Wal-Mart reaches ‘line in sand’ moment in push to fix stores

For months, a digital clock has counted relentlessly down – minutes, hours, days – inside the headquarters of Wal-Mart Stores Inc.

The timer was set up after Greg Foran, head of the company’s U.S. operations, made Oct. 1 a “line in the sand” for transforming Wal-Mart into a cleaner, easier and friendlier place to shop. The 54-year-old executive has crisscrossed the country visiting stores, trying to bring them up to par.

The clock hit zero on Thursday – and Foran is still at work.

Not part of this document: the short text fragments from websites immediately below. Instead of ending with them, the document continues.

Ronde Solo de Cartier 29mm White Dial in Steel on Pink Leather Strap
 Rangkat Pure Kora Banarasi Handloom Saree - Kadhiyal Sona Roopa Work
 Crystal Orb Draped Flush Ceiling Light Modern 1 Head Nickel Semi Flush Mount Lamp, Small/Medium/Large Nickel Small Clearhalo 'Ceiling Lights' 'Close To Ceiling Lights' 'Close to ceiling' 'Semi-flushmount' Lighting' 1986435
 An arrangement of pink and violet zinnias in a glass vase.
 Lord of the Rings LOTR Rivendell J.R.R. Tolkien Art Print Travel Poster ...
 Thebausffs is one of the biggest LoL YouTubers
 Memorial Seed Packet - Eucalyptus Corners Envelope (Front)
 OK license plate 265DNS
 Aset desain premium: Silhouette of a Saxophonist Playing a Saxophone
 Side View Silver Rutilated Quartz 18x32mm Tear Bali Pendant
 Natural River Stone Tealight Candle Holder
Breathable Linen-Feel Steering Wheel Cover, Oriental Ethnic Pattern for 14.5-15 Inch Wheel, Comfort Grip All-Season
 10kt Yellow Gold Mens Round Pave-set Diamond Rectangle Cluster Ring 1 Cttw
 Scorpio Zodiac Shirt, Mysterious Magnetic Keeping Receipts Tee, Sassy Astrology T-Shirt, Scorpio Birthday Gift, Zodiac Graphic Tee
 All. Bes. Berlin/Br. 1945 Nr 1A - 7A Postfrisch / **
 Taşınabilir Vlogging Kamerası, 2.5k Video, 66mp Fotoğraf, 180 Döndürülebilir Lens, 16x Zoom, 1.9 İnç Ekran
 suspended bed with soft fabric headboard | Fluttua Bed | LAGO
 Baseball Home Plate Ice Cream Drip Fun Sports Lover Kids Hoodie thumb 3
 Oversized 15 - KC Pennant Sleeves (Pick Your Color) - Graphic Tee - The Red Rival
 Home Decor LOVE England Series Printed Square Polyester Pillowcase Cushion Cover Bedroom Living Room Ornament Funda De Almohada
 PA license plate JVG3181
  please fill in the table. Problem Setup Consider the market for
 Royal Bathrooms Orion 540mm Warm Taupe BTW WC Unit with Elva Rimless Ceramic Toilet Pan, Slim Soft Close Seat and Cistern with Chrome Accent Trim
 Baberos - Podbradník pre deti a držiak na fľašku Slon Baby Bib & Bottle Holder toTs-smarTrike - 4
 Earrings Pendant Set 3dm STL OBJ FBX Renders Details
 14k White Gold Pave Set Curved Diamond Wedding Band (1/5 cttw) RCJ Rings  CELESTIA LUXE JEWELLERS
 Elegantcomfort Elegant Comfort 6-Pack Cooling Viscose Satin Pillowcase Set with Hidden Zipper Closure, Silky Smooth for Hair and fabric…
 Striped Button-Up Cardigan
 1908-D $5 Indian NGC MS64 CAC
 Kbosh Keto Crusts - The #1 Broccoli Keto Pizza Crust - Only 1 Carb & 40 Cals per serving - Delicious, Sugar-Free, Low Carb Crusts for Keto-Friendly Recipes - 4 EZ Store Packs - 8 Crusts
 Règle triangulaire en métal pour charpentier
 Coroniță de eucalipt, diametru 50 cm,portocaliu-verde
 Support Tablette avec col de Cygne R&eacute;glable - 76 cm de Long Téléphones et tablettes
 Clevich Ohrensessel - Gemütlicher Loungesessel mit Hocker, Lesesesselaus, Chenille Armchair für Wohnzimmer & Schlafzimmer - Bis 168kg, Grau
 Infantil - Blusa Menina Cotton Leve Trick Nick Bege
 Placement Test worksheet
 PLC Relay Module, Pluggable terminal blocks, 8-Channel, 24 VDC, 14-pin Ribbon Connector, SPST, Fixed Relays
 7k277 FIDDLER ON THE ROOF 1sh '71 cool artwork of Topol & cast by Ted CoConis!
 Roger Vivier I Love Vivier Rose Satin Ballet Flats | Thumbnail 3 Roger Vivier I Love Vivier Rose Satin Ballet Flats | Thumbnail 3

While many Wal-Mart locations are now in better shape, some are lagging behind. And Foran is continuing his torrid pace of surprise visits, aiming to spot problems in the sprawling chain of 4,600 U.S. stores. Wal-Mart has made progress on its key priorities – making checkout lines shorter, for instance – but the company is still pushing to bring costs lower and improve efficiency.

In that vein, Wal-Mart said on Friday that it was cutting 450 workers at its headquarters.

“While difficult, I believe these changes will help us become a more nimble organization that serves customers better,” Chief Executive Officer Doug McMillon said in a memo to employees. “Our customers are changing, retail is changing, and we must change.”

At stake is Wal-Mart’s legacy as the king of discount chains, a reputation built on Sam Walton’s nonstop pursuit of lower prices. The Bentonville, Arkansas-based company had drifted away from Walton’s ideals in recent years, allowing costs to increase while its standards slipped, executives have said. Wal-Mart also faces fiercer competition, a stock slump and a broader slowdown in big-box retail.

Foran’s crusade to improve Wal-Mart’s tarnished reputation has sent him on visits to more than 150 stores in 30 states over the past year. He’s studied everything from how easy it is to get a shopping cart to how individual items are placed on the shelves – things customers often aren’t paying attention to but can contribute to their overall impressions.

“Maybe they are not ubiquitously achieving their goals across the U.S., but it is certainly a significant improvement,” said Burt Flickinger, managing director at Strategic Resource Group, a consulting firm that visits about 50 to 100 Wal-Mart stores a month.

The Oct. 1 milestone was a way for Foran to bring urgency to Wal-Mart’s stores as they head into the holiday season – the first one since McMillon put his turnaround plan into place earlier this year. The holidays can make or break a retailer’s year, and Wal-Mart is in much need of a boost. Earnings fell short of analysts’ estimates last quarter, and the company trimmed its forecast for the year. Wal-Mart’s stock has lost more than a quarter of its value in 2015.

Wal-Mart executives have admitted that the retail giant lost its way. Once seemingly unstoppable, the company has watched customers defect to Amazon, dollar-store chains, and regional grocery stores such as Kroger Co. and Publix Super Markets Inc.

Wal-Mart shoppers have complained that the stores were dirty, the shelves were empty, and the prices weren’t as competitive as they once were. The goal over the past year was straightforward: Stores should be tidy, staff should be friendly, and customers should be able to get in and get out quickly.

Wal-Mart still has a ways to go, especially with its grocery business, which makes up more than half of its nearly $500 billion in annual revenue, said Wayne Hood, an analyst at BMO Capital Markets.

Wal-Mart trails its supermarket peers in customer satisfaction because of poor service, the inconvenience of its large stores and the condition of produce, Hood said in a research report last month. To grow, Wal-Mart can’t just match its competitors – it will need to do even better, he said.